Why the One Appealing Part Of Creationism Is Wrong - route66
http://www.newyorker.com/online/blogs/elements/2014/02/why-the-one-appealing-part-of-creationism-is-wrong.html

======
ergoproxy
The Bible says the earth is flat and can't move; and that pi is 3. It's also
full of figurative language, similes, parables and allegories. There's often
two different accounts of the same event, such as creation and the flood. So I
don't understand why people try to interpret it literally.

Even so, Ken Ham's "young earth creationism" isn't the only "literal
interpretation" of the age of the universe based on the Bible. There's also
old earth creationism, gap creationism, progressive creationism, etc. See
[http://en.wikipedia.org/wiki/Old_Earth_creationists](http://en.wikipedia.org/wiki/Old_Earth_creationists)

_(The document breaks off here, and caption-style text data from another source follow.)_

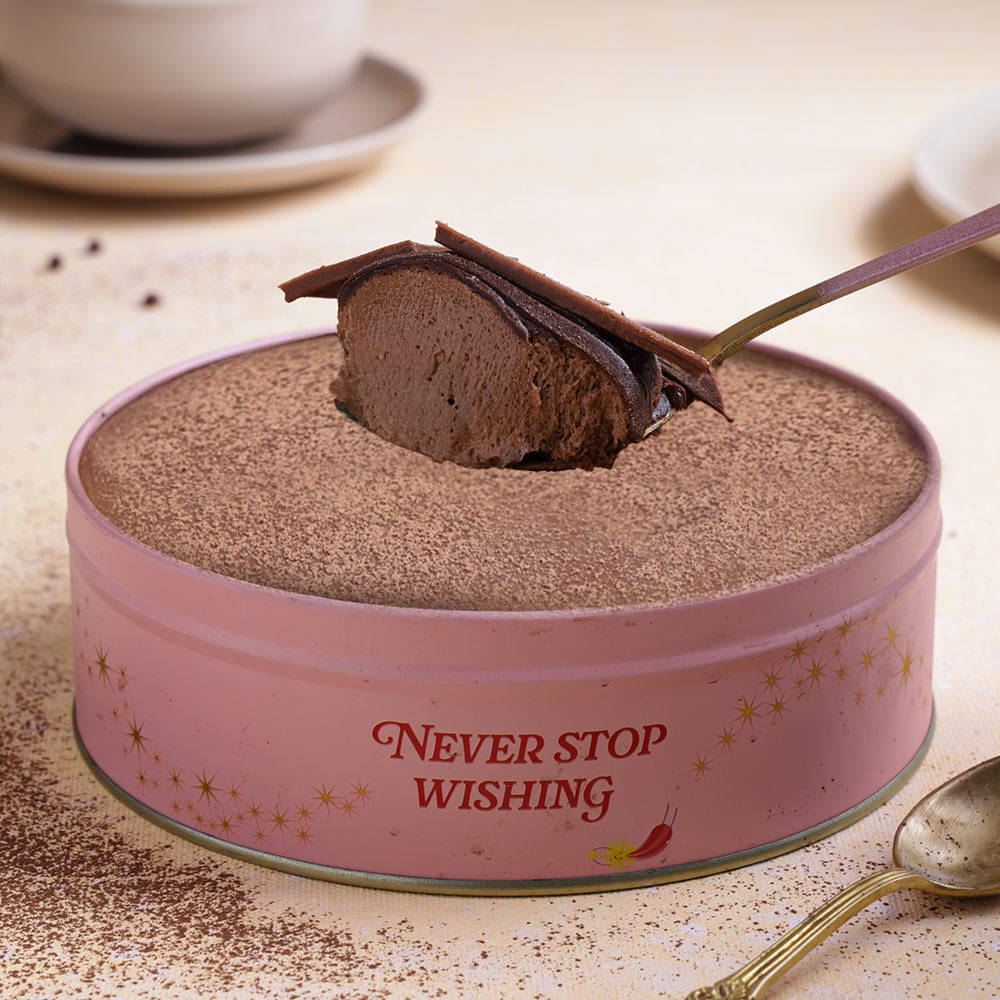 Chocolate Cream Dream Cake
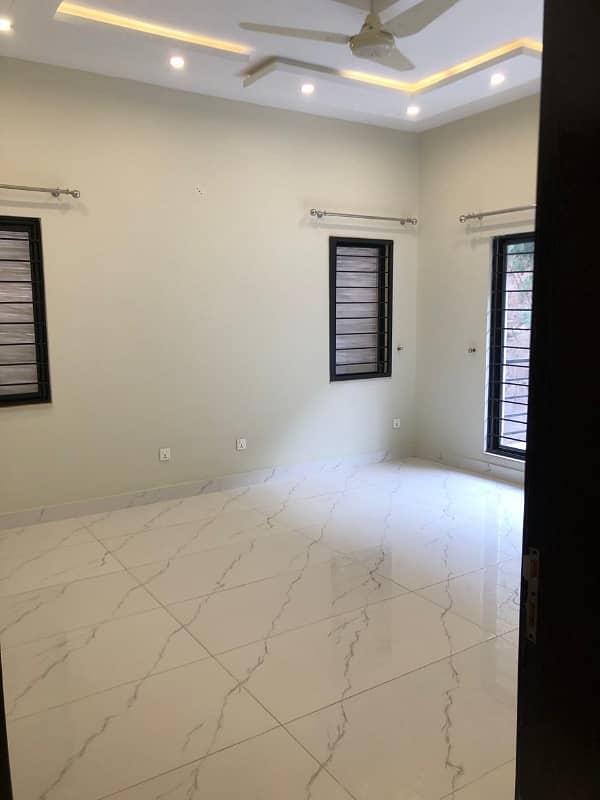 20 Marla Brand New Upper portion Available for Rent 8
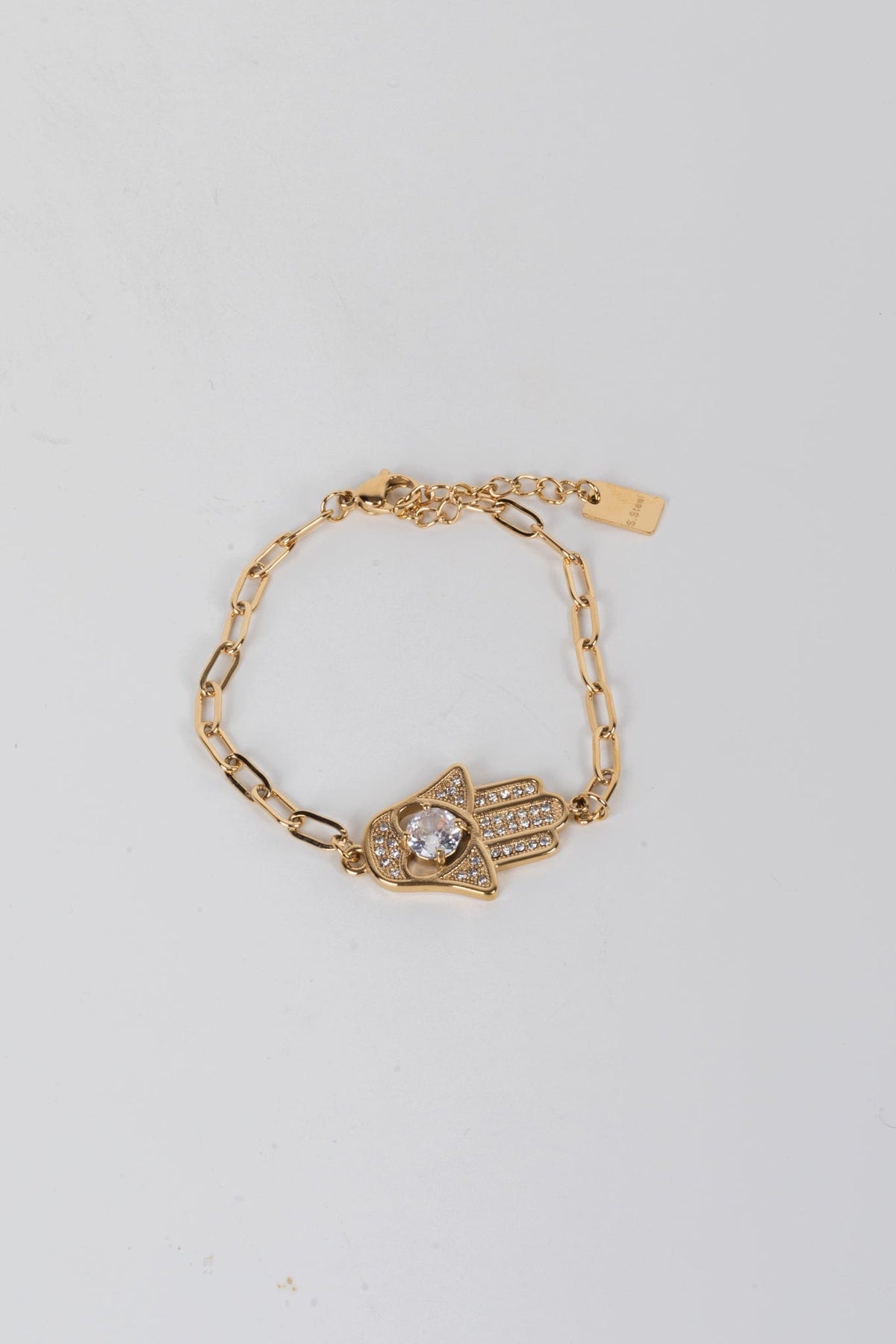 Hamsa Hand Bracelet
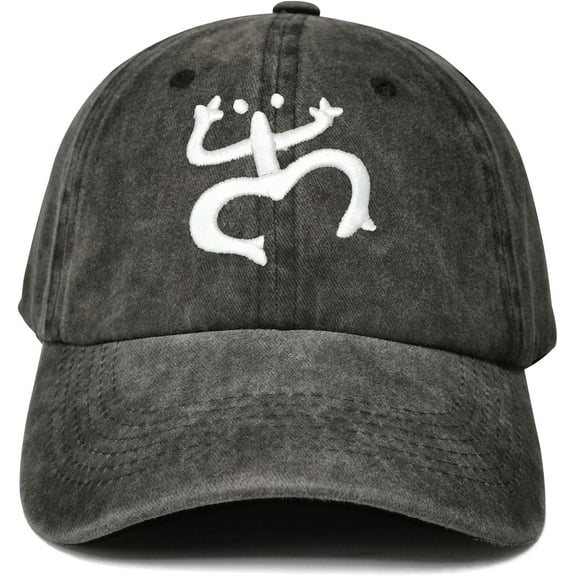 Embroidered Puerto Rico Taino Frog Hats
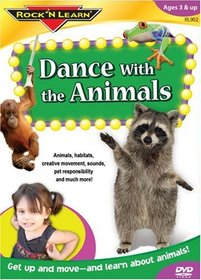 Rock 'N Learn: Dance With the Animals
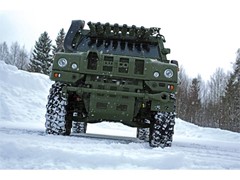 Iveco Defence Vehicles delivers final tranche of Light Armoured Vehicles to the Norwegian Army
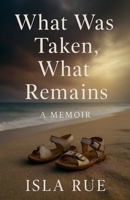 What Was Taken, What Remains B0FCVYSY9R Book Cover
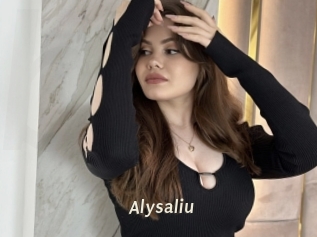 alysaliu Blog éjac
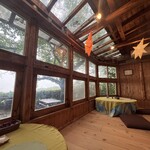 森のレストラン ラッキーガーデン - 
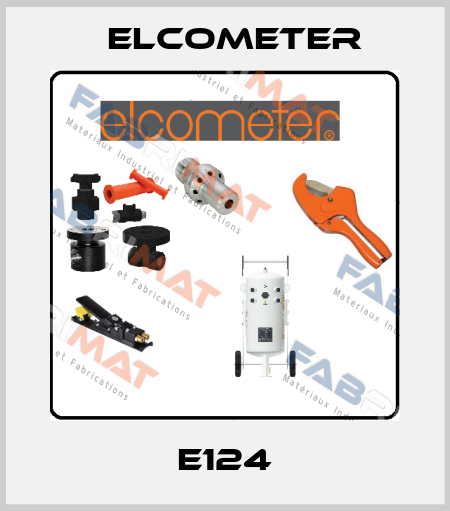 E124 Elcometer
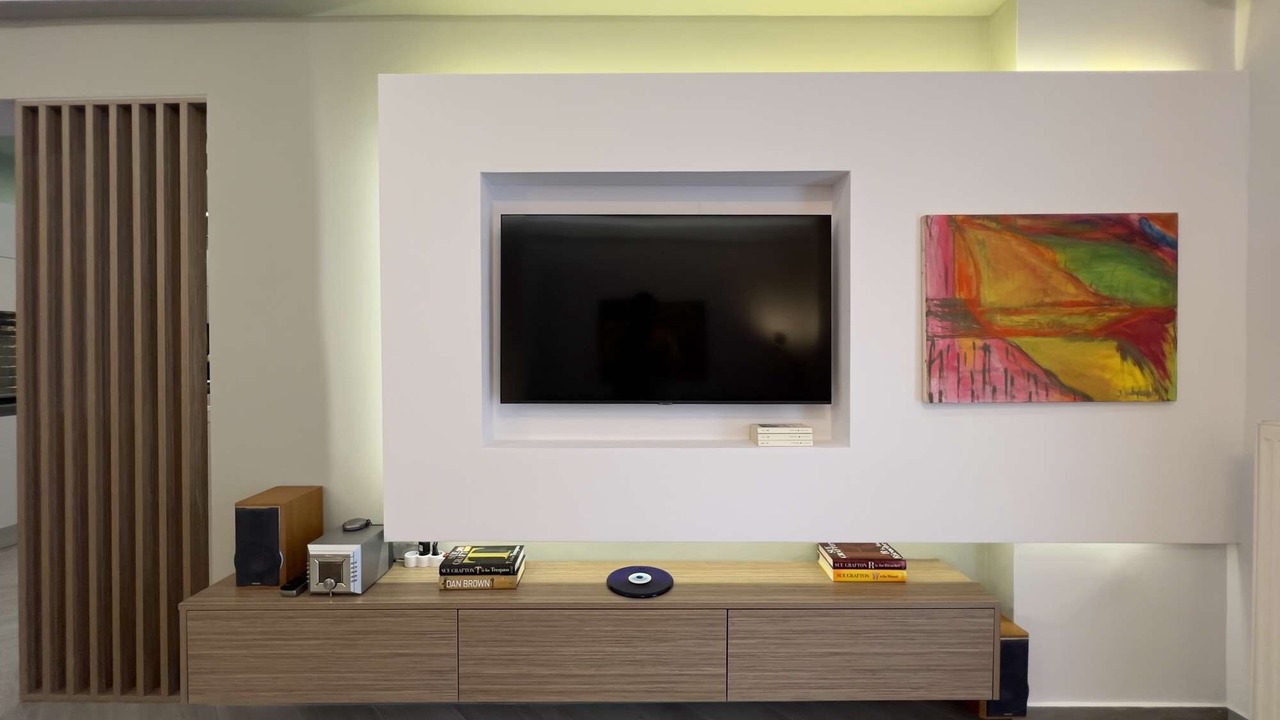 Photo of Livingroom in Thessaloniki City Centre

Yet these attempts to make the Bible compatible with physics fall short of the
thirteenth century kabbalist Yitzhak ben Shmuel d'min Akko's fascinating
Biblical deduction that the earth is 15 billion years old:

1\. Sefer HaTemunah says it is the 6th 7,000-year sabbatical cycle. Since the
sabbatical cycles existed before Adam, they must be measured in Divine years,
not earth years. So, the universe is 6 x 7,000 = 42,000 Divine years old.

2\. According to Psalm 90:4, a Divine day is 1,000 earth years long. So, a
Divine year is 365,250 earth years.

3\. Therefore, the universe is 42,000 Divine years x 365,250 earth years /
Divine years = 15.3 billion earth years old.

And that's a lot closer to what the Big Bang Theory says than Ken Ham's 6,000
years.